SIXTY jobs are expected to be created this year at a company which provides loans and helps people to cut their energy bills.
Sally Hill, the chief executive of the Leeds-based SGE Group, said the company hoped to increase its staff numbers from 60 to 120 over the next six months in response to demand. Over the last year, SGE’s turnover has increased from £1.8m to £3m.
SGE moved into a new call and administration centre in Burley Road, Leeds in November 2011. The company offers services to customers linked to energy switching, loan broking and gaming comparison.
Ms Hill said she welcomed an Office of Fair Trading (OFT) probe into payday loans firms. Some payday loans firms have been accused of giving people loans without making sure they can afford to pay them back, rolling over loans and charging interest rates running to several thousand per cent.
Apart from the OFT investigation, the Government is considering whether to give the OFT new powers to suspend credit licences. Ms Hill said she hoped new rules would be enforced to ensure that consumers take out just one payday loan at a time.
“The headcount at SGE is growing at 10 a month,” said Ms Hill.
“When a customer comes to us to apply for a loan, we look at trying to reduce the customer’s outgoings, as well as providing them with the financial product that they require. We work with about 25 lenders who offer a variety of loans. We’ve got about 500,000 customers altogether across the energy and finance sector.”
Ms Hill said that SGE only worked with three payday lenders.
She added: “A payday loan is a brilliant way of acquiring credit, because if you pay your loan back on time, it does increase your credit rating.”
She described the OFT investigation into payday loans as a “brilliant idea”.
She added: “One of the challenges of payday loans is that there isn’t any specific legislation to regulate them. It’s reliant on the Consumer Credit Act which was written before payday loans existed; because there isn’t any specific regulation to monitor that industry you’ve got lots and lots of payday companies who are interpreting the Consumer Credit Act in different ways.

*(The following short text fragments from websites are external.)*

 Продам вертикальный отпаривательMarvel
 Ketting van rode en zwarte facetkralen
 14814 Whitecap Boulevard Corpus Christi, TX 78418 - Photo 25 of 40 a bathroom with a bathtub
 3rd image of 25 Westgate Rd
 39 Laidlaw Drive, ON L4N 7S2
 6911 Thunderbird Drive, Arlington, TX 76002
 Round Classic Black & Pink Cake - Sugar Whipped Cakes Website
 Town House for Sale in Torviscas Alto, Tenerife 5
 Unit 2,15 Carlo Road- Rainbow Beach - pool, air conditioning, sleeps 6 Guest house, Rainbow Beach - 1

“One of the problems, which hopefully will be diminished following the OFT investigation, is people getting multiple payday loans. What should be part of the new regulation is a limit to one payday loan at one period of time, so that a payday loan is used for what it was designed for.”

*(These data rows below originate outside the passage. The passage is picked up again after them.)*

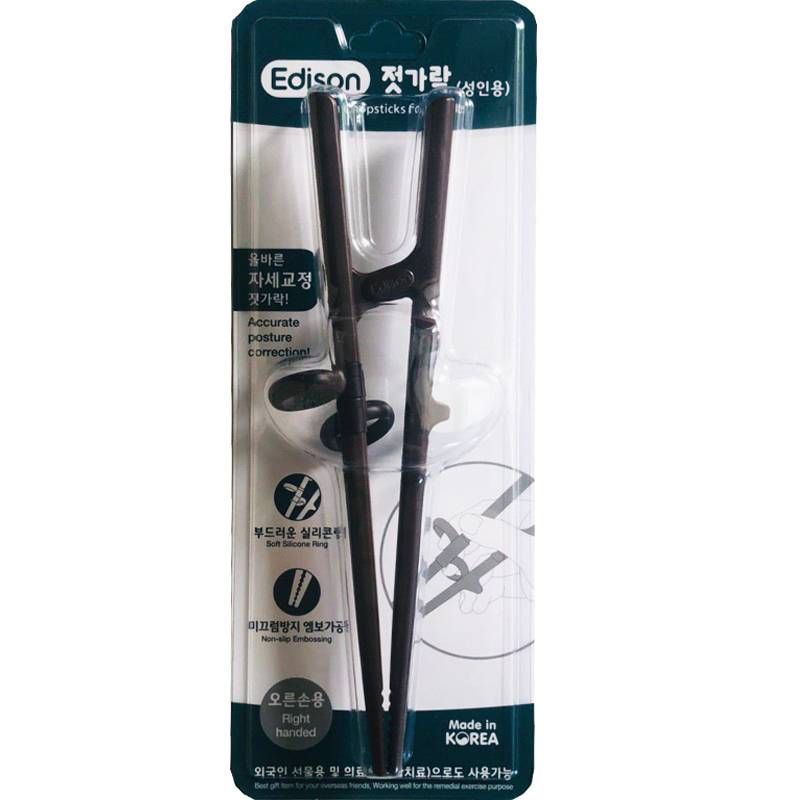 Adult children learn chopsticks appliances to assist adolescents and chopsticks to correct the training of chopsticks.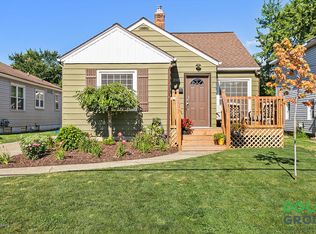 2137 Emerald Ave NE, Grand Rapids, MI 49505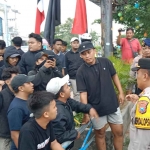 Petugas dari Polres Bangkalan saat mengimbau suporter yang akan menonton Madura United melawan Arema.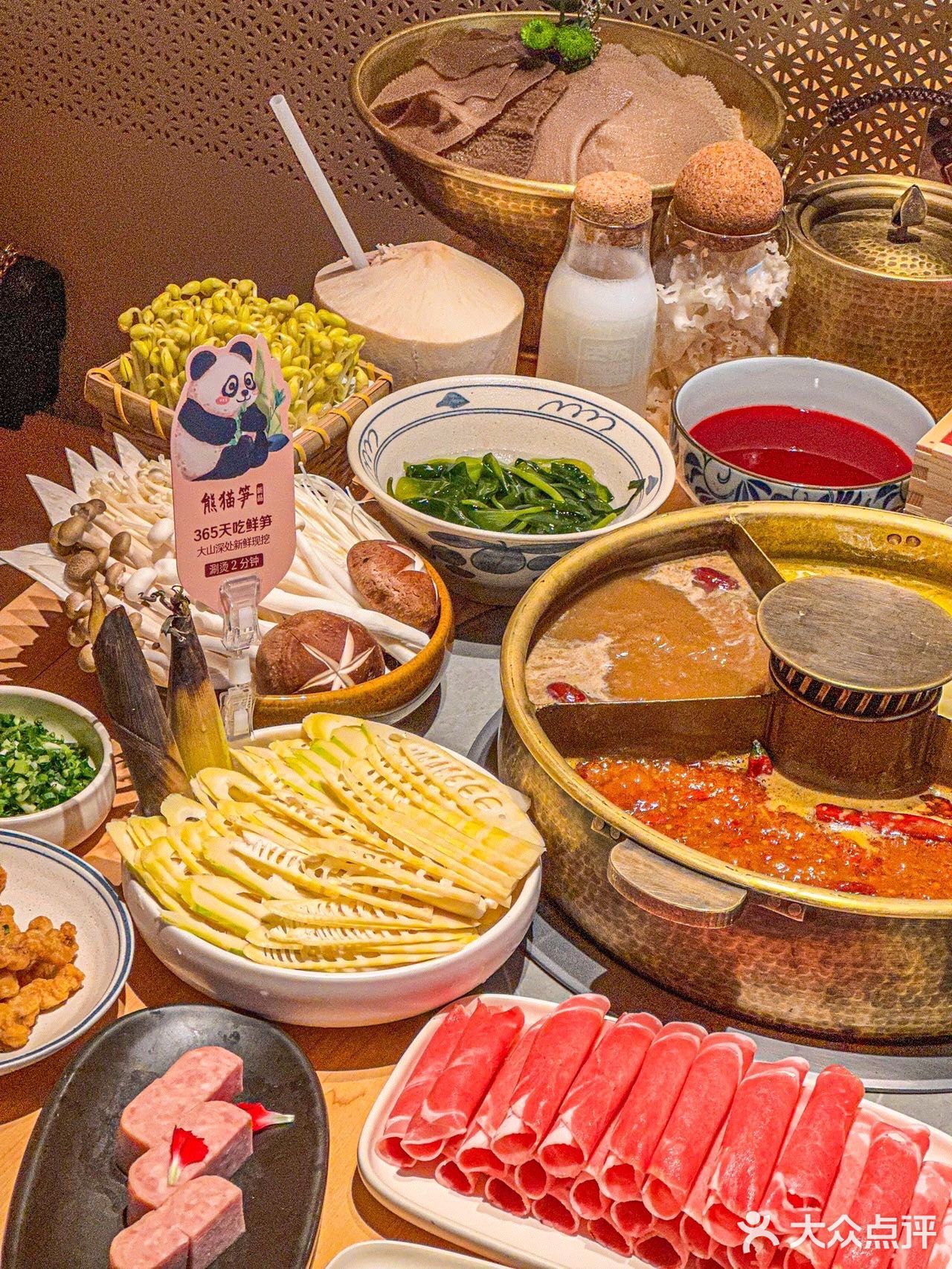 🍲好吃不打烊，💰排队也值得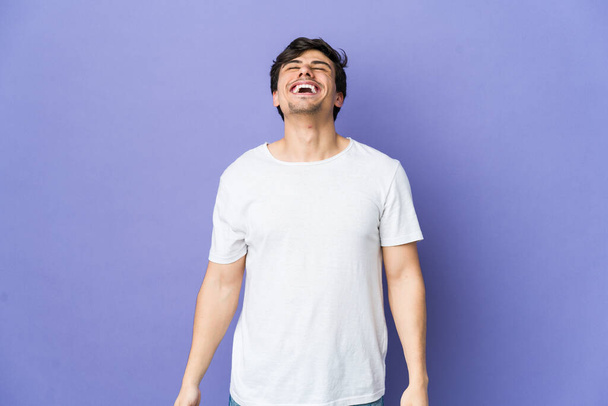 Молодой хладнокровный мужчина расслабленный и счастливый смех, с вытянутыми зубами на шее. - Фото, изображение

In May, payday lenders moved to head off the threat of tighter regulation by promising to do more to explain to customers how their loans work.
Four trade associations, representing more than 90 per cent of the payday and short-term loan industry, pledged to offer “practical help” for customers who are struggling to repay their loans.
Payday lenders have argued they want to maintain “high standards” and the industry generally has been unfairly tarnished. They say most customers are satisfied they are getting good value for money.
The agreement will be incorporated into payday lenders’ codes of practice by July 25.
It includes a customer charter to explain how loans work and the costs involved and there will be a commitment to inform customers three days before their money is withdrawn.